Niderlandczycy, nawet ubodzy, jedli dużo, nie tylko podczas uroczystości, ale i w dzień powszedni. Biedniejsi spożywali często zupę ze słoniny i jarzyn gotowanych na mleku, pili rozcieńczone wodą piwo, jedli smażoną cebulę czy suchy chleb. Chleb ten Francuzi uważali za pieczywo nienadające się do spożycia, gdyż był to „czarny, lepki, zbity, ciężkostrawny, chleb zwykły pieczony […] z mąki żytniej, jęczmiennej, hreczanej, owsianej, a nawet bobowej. Chleb pszenny, bardzo drogi, uchodził za przysmak, którym raczono się w niedzielę i święta, ale na który na co dzień mogli sobie pozwolić tylko bogacze”3.
Mieszkańcy Niderlandów spożywali ogromne ilości jarzyn, takich jak groch, fasola, kapusta, marchew, rzepa czy brukiew. Podstawą pożywienia ludzi ubogich były także: śledzie, nabiał4 i jajka (co potwierdzało ówczesne przysłowie „Jedno smażone jajko to pociecha dla biednego człowieka”)5. Kochano również słodycze: bogaci gustowali w tortach, marcepanach czy lukrowanych kasztanach, zaś najubożsi raczyli się biszkoptami „wszelkich kształtów i gatunków, z anyżkiem, na maśle, na słoninie, na cukrze, na melasie, z konfiturami, z czereśniami, z rodzynkami”6.
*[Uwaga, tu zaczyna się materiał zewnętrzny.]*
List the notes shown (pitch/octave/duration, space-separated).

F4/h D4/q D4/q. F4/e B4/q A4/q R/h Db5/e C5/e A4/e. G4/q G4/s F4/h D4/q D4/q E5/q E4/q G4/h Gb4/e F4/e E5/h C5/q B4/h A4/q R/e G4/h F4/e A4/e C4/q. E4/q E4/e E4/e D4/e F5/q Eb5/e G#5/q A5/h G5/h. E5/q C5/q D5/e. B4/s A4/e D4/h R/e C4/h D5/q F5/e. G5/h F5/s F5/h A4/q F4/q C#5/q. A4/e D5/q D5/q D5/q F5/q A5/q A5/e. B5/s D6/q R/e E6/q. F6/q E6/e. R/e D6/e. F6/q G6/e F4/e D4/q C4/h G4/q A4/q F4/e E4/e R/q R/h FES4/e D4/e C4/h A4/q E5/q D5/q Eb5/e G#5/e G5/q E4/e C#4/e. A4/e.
Wspomniano już, że ukazane wesele obfituje w gości siedzących już przy stole, choć spory tłum przedziera się przez drzwi, próbując uszczknąć coś dla siebie. Twarze postaci cechuje indywidualizm: rysy pospolite, zwykłe, nalane, okrągłe, niezbyt urodziwe, czasami zmęczone życiem, wyniszczone biedą i ciężką pracą. Jak zauważa Paul Zumthor, opisując ówczesnych niderlandzkich chłopów: „często wysocy i ciężcy, bardzo silni, wybitną świeżość cery zawdzięczają temu, że żywią się po wegetariańsku i spożywają dużo nabiału. Umysłu prymitywnego, dość prostaccy […]”7. W bogatym katalogu portretów ludzi obecnych na weselu Bruegel przedstawił kilka postaci, które wyróżniają się strojem i fizjonomią. Są to: zamyślony starszy mężczyzna siedzący niedaleko panny młodej, otulony w płaszcz z futrzanym kołnierzem – być może miejscowy urzędnik; ubrany w habit mnich franciszkański, o bladej cerze i wydatnym długim nosie, rozmawiający z intrygującym, niemłodym brodatym mężczyzną w czerni, siedzącym na skraju stołu. Postać ta odziana wykwintnie, dostojnie, z szablą u boku i rasowym psem myśliwskim być może stanowi portret szlachcica, właściciela tutejszych dóbr, zaproszonego na uroczystość z uniżeniem i estymą. Jego przybycie na wesele stanowi zaszczyt dla młodej pary. Odrębną, wielce frapującą postacią jest niewątpliwie ukazany z lewej strony obrazu młody mężczyzna o urodziwej, szlachetnej twarzy, nalewający piwo z większego dzbana do mniejszego. Przypuszczenia, iż to on jest panem młodym, wydają się chyba jednak zbyt mgliste. Postać ta całkowicie nie pasuje do malarskiego kadru, zbyt piękna, subtelna, skupiona na czynionym zadaniu, frapująca – czy jest to służący obecnego na weselu szlachcica?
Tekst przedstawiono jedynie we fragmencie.